A Triumph Tiger 900 evoluiu para entregar uma proposta ainda mais equilibrada entre turismo, desempenho e capacidade off-road. O modelo, que esbanja tecnologia, utiliza motor tricilíndrico de 888 cm³, agora capaz de entregar 108 cv de potência e 9,18 kgfm de torque, números superiores à geração anterior. O conjunto trabalha com câmbio de seis marchas e, nas versões mais completas, conta com quick shifter Triumph Shift Assist, permitindo trocas sem uso da embreagem.
Na ciclística, a Tiger 900 varia conforme a proposta de cada versão. As GT e GT Pro focam mais no asfalto, utilizando rodas 19 e 17 polegadas e suspensões Marzocchi de até 180 mm de curso. Já a Rally Pro aposta em rodas raiadas aro 21 na dianteira e suspensões Showa de longo curso, com até 240 mm na frente e 230 mm atrás, reforçando a aptidão para trilhas e terrenos irregulares. Todas contam com freios Brembo e ABS otimizado para curvas.
O pacote tecnológico é um dos mais completos da categoria, trazendo painel TFT de 7 polegadas com conectividade, modos de pilotagem, controle de tração sensível à inclinação, manoplas e bancos aquecidos nas versões Pro, além de monitoramento da pressão dos pneus e suspensão traseira eletrônica. A ergonomia ajustável e o tanque de 20 litros também ajudam a transformar a Tiger 900 em uma moto versátil preparada para cidade, estrada e aventura de longa distância.

A BMW F 900 GS se diferencia um pouco da linha big trail da alemã justamente pelo seu corpo mais esguio e off-road, possibilitando um uso mais versátil em lugares estreitos. A aventureira utiliza motor bicilíndrico em linha de 895 cm³, capaz de entregar 90 cv de potência e 9,4 kgfm de torque, conjunto que prioriza respostas lineares e bom desempenho tanto em estrada quanto no uso fora de estrada. A nova geração ainda ficou 14 kg mais leve, favorecendo agilidade e controle em diferentes tipos de terreno.

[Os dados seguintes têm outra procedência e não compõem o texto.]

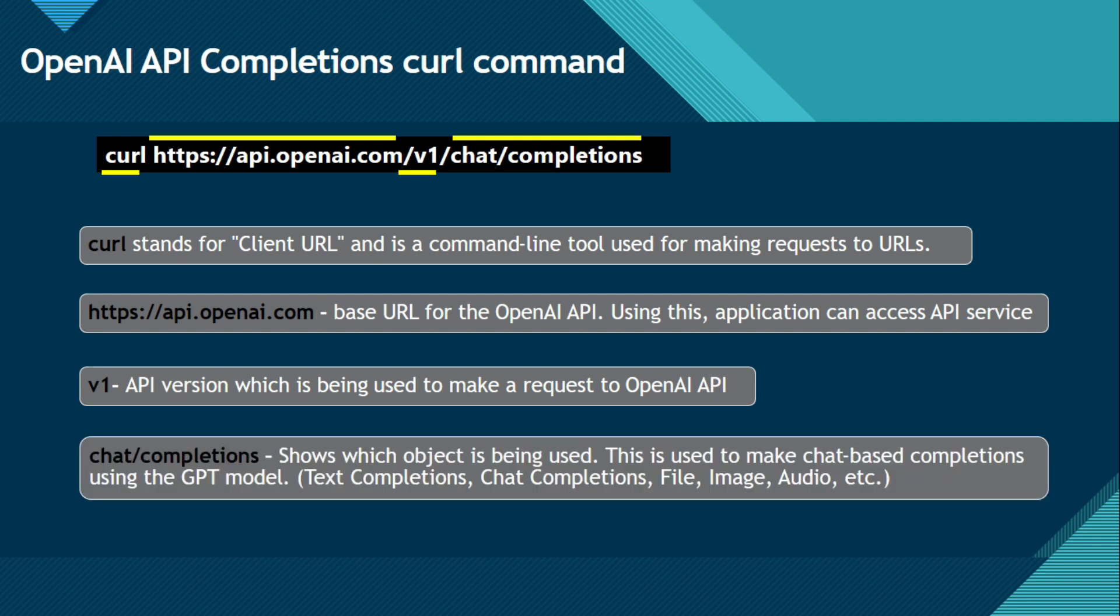Now chat slash completions. Now what is this? So this shows which object is being used. This is used to make chat based completions using the GPT model.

Na ciclística, a F 900 GS traz suspensões ajustáveis em pré-carga, compressão e retorno, além de rodas e ergonomia voltadas ao uso misto. Nas versões mais completas, o modelo conta com suspensão dianteira Showa ajustável e conjunto traseiro ZF/Sachs, ampliando a capacidade off-road. O comportamento mais leve e a posição de pilotagem elevada ajudam tanto na condução urbana quanto em viagens e trilhas leves.
O pacote tecnológico é amplo e inclui painel TFT com conectividade BMW Motorrad Connected, iluminação full LED, controle de cruzeiro, manoplas aquecidas, controle de pressão dos pneus, partida Keyless e modos de pilotagem. As variantes superiores ainda oferecem quick shifter PRO, modos de pilotagem PRO e escapamento Akrapovic, reforçando a proposta premium e versátil da big trail alemã.

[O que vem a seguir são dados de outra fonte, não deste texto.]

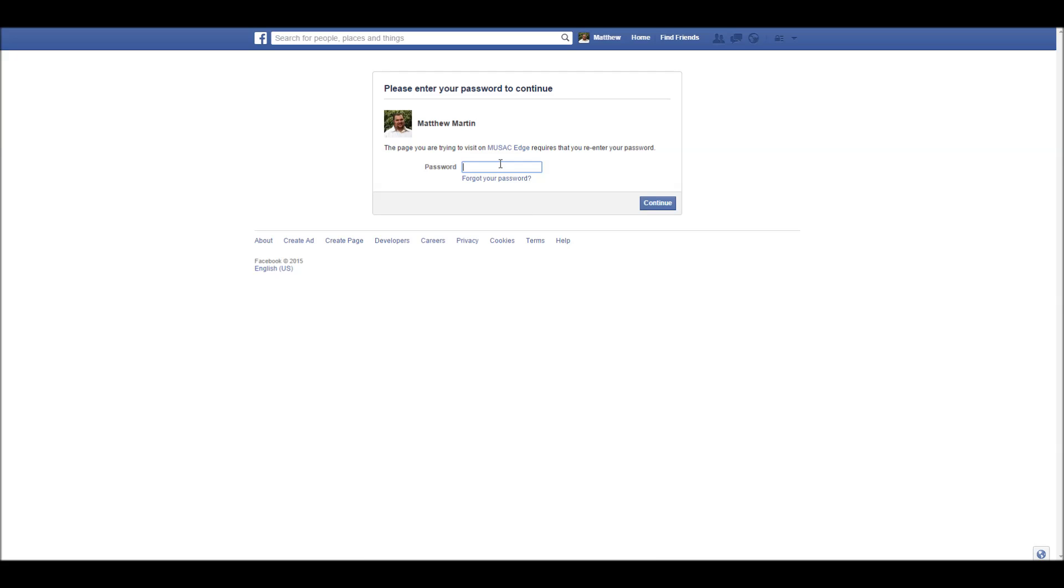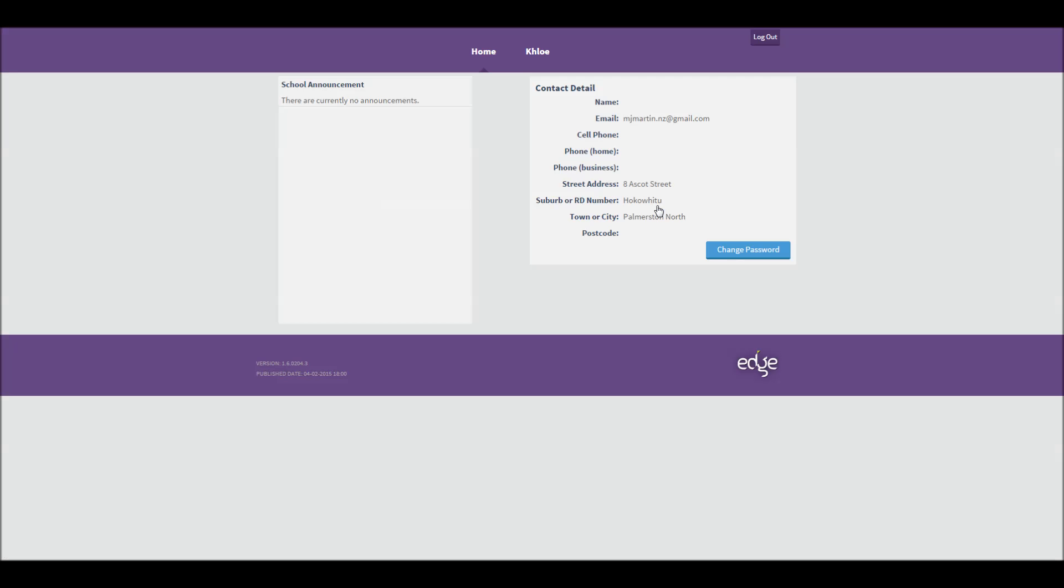Now simply put in my Facebook password and then click continue. This then takes me into the Keygiver portal.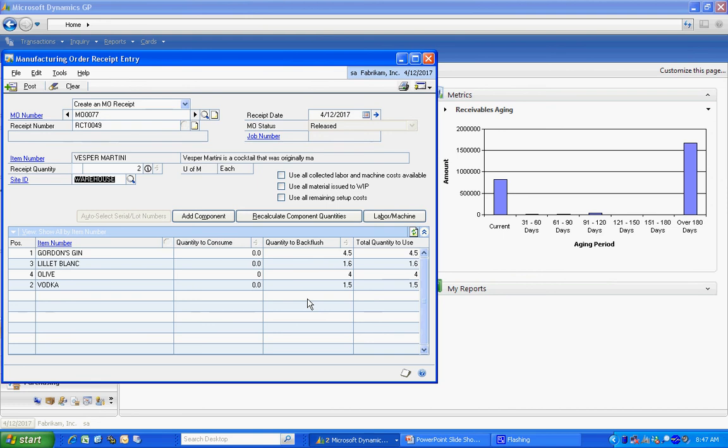Now at this point in time, if I chose to add additional components, I could do that right now. I could change the quantities of these back flushed items as well. But I'm going to leave it as it is.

A Honda CRF1100L Africa Twin é uma referência entre as motos versáteis e big trails boas em todos os tipos de situação. Seguindo a linha da BMW, ela tem um corpo relativamente estreito em comparação às concorrentes, o que possibilita uso também em meio à cidade.
Seu motor bicilíndrico de 1.084 cm³ é capaz de entregar 99,3 cv e 10,9 kgfm de torque, agora com respostas mais suaves em baixa rotação e menos vibração durante a pilotagem. O conjunto pode ser equipado com câmbio manual de seis marchas ou transmissão automatizada DCT, dependendo da versão.

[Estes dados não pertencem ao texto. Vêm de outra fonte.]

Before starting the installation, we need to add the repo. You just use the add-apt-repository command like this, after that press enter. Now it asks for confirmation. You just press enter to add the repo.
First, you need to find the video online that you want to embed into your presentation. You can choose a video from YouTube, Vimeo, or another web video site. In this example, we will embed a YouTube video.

Na ciclística, a Africa Twin mantém a tradicional configuração com roda 21 polegadas na dianteira e 18 na traseira nas versões mais aventureiras, enquanto a nova Adventure Sports aposta em roda 19 na frente e suspensões com menor curso para favorecer uso rodoviário. As versões equipadas com suspensões eletrônicas Showa EERA ajustam automaticamente compressão, retorno e pré-carga conforme o terreno e o modo de pilotagem selecionado, ampliando conforto e estabilidade.
O pacote tecnológico inclui painel touchscreen com conectividade para smartphone, modos de pilotagem, controle de tração, ABS configurável e eletrônica voltada tanto para estrada quanto para off-road. Na Adventure Sports, o tanque ampliado para 24,8 litros também reforça a proposta estradeira, oferecendo maior autonomia para viagens longas sem comprometer a capacidade em pisos irregulares.